Rivers did drive the lane successfully a few times to get fouled and go to the free-throw line. More of that is needed in the future, as the offense tended to bog down a bit when Rivers had the ball in his hands and while playing point guard (which he did when starter Greivis Vasquez took a rest). 

It was encouraging to see the ultra-aggressive play of Al-Farouq Aminu, who had 17 points, seven rebounds, three assists, two steals and three blocks. Coming into opening night, many fans and analysts alike were questioning the third-year former lottery pick of the Clippers. In his lone season in New Orleans last year, he lacked aggression and often looked lost in Monty Williams' defensive-minded system. 

Aminu was the Hornets' second best player Wednesday night, behind rookie No. 1 overall pick Anthony Davis, who had 21 points, seven rebounds, a block and a steal. Both missed explosive dunks—had each gone down, the result may have been different. 

But the two brought an attitude and aggression to the court that really infected the rest of the team. Aminu had two or three SportsCenter top-10 dunks, and the two were regularly seen swatting Spurs shots and making outside jump shots. 

It was an exciting start for the incredibly young team. The game was eerily reminiscent of a season ago when the team fought hard for 48 minutes but ultimately came up short. 

Williams and general manager Dell Demps warned fans to temper the expectations this season. There will be growing pains, such as losing a game in which the team leads by seven points at half after thoroughly outplaying the opponent. 

The Hornets' motto this season is "This is Our Game." The team then will insert different qualities and characteristics into the middle of that sentence. Among those are "passion," "aggression" and "leadership." 

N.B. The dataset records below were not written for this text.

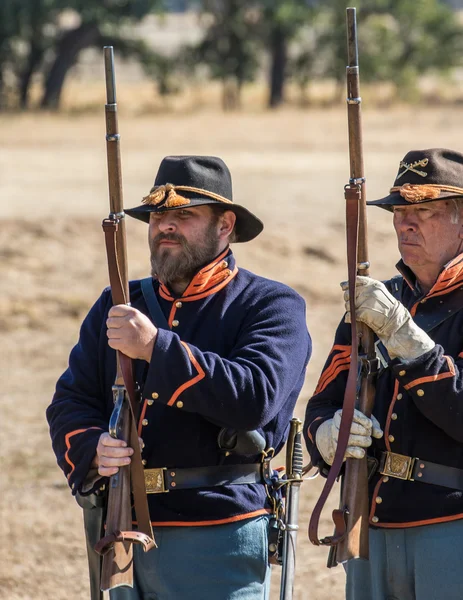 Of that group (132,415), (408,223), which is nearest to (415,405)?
(408,223)

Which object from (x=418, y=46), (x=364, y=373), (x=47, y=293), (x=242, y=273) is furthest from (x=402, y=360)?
(x=418, y=46)

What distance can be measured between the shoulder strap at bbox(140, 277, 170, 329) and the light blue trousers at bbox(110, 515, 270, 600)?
698mm

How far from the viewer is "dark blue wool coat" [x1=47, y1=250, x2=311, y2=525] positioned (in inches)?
147

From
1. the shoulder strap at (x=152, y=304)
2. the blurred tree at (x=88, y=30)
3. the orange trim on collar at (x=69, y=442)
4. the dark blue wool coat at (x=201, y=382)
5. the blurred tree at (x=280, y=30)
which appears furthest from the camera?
the blurred tree at (x=280, y=30)

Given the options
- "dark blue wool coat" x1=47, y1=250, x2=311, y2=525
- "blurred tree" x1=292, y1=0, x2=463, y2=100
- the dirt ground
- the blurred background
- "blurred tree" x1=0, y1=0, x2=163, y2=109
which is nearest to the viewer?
"dark blue wool coat" x1=47, y1=250, x2=311, y2=525

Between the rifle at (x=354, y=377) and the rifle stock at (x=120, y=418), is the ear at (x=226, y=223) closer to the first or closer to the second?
the rifle stock at (x=120, y=418)

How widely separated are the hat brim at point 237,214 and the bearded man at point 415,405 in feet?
1.63

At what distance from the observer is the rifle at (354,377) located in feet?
12.2

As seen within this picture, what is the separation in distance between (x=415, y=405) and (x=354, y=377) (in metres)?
0.23

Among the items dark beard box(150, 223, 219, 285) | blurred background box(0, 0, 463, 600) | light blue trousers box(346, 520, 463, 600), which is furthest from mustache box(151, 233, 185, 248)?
blurred background box(0, 0, 463, 600)

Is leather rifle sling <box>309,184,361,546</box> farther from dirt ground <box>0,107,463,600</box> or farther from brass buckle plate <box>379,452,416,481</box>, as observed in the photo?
dirt ground <box>0,107,463,600</box>

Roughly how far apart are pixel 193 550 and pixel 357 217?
1.22 metres

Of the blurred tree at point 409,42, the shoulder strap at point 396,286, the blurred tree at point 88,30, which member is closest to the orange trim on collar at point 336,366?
the shoulder strap at point 396,286

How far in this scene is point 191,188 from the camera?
13.3 ft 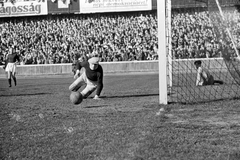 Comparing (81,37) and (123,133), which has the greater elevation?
(81,37)

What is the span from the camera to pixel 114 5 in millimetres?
40062

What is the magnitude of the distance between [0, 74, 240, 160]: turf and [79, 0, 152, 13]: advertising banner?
3019 centimetres

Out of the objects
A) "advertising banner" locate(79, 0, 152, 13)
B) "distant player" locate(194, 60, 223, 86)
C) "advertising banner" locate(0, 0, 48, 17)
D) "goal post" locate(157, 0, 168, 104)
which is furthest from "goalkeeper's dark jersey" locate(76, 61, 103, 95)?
"advertising banner" locate(0, 0, 48, 17)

Wednesday night, passion and aggression abounded. Aminu, Davis, Vasquez (who had 13 assists) and Jason Smith (to name but a few) all brought tremendous energy and regularly pushed the pedal to the metal on both ends of the court. The entire team played well and made aggressive mistakes, while limiting dumb mistakes. 

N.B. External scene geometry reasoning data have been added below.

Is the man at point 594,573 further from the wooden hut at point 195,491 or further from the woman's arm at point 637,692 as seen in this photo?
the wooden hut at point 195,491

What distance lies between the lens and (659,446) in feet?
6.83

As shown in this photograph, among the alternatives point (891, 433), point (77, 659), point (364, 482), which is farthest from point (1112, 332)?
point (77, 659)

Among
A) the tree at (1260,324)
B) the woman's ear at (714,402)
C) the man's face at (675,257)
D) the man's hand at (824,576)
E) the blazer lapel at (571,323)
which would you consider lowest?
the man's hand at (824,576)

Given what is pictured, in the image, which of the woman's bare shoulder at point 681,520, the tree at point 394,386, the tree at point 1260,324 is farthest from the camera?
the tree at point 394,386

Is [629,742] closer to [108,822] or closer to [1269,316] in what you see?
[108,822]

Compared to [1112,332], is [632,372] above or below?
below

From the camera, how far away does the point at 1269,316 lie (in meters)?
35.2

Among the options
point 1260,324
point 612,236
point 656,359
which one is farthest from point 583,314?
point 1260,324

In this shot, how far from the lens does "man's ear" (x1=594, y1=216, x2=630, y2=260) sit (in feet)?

But that last quality—leadership—seemed to be missing, at least to some extent. That quality is supposed to be brought to you by a max contract guy. Gordon is the guy who is supposed to be the "closer" on this team. Instead, he was nowhere to be found in uniform. 

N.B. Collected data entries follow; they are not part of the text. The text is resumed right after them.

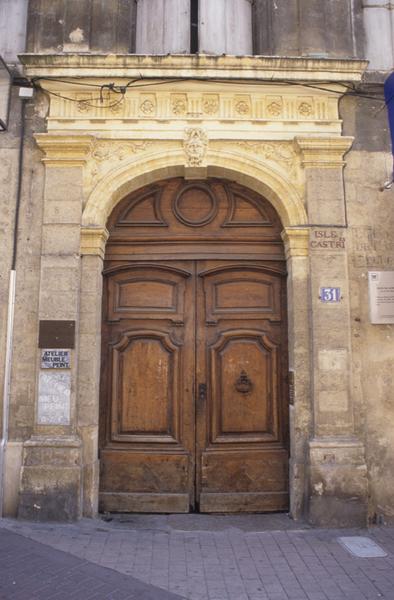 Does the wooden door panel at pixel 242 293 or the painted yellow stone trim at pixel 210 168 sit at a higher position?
the painted yellow stone trim at pixel 210 168

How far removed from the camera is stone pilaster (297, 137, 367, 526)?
4965 millimetres

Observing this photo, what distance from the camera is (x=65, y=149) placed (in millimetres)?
5500

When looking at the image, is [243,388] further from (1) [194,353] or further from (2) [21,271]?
(2) [21,271]

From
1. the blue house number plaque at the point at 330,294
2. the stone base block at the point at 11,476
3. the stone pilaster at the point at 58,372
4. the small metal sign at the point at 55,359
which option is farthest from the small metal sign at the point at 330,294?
the stone base block at the point at 11,476

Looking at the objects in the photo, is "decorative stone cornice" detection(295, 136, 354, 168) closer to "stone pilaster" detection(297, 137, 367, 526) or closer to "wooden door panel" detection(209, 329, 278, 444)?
"stone pilaster" detection(297, 137, 367, 526)

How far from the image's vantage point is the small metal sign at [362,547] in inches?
171

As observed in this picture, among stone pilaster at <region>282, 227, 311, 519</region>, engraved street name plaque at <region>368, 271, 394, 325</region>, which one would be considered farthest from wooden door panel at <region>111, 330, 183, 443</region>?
engraved street name plaque at <region>368, 271, 394, 325</region>

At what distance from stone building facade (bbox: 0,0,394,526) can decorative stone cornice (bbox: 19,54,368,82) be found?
0.8 inches

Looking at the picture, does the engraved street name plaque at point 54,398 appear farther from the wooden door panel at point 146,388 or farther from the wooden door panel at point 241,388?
the wooden door panel at point 241,388

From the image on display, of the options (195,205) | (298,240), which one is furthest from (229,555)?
(195,205)

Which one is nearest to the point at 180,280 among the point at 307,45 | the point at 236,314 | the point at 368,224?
the point at 236,314

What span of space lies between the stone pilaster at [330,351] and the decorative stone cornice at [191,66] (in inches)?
29.4

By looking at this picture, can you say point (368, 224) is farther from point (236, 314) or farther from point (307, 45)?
point (307, 45)

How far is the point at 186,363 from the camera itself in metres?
5.58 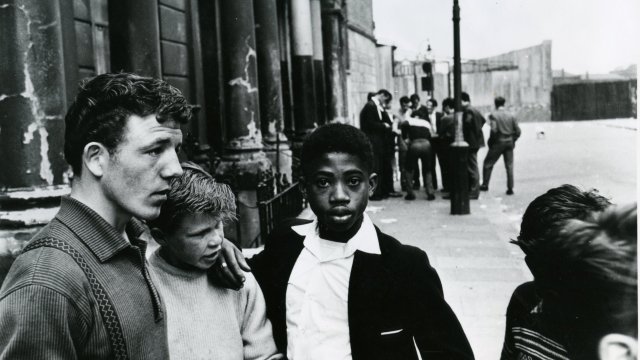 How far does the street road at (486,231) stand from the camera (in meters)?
4.47

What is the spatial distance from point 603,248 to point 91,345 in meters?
1.17

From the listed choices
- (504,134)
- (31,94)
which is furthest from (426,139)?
(31,94)

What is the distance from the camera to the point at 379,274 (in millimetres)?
2172

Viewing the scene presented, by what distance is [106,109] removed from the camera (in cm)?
163

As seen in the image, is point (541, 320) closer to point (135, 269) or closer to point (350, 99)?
point (135, 269)

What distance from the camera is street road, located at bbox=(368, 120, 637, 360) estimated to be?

The Hornets lost a lot of close games in 2012 without Gordon. His presence may have been the difference between losing by four and winning by one, two or however much against the veteran Spurs. 

Most fans left the Hive pleased with the team's effort Wednesday night, but knowing the youthful team had lost a game it should have won. Some will point to Gordon as the perpetrator of the loss. In this case, it's hard to argue. 

The Hornets need Gordon if they're going to win close games in 2012-13. Without him, there figures to be a lot more of these close-but-no-cigar efforts.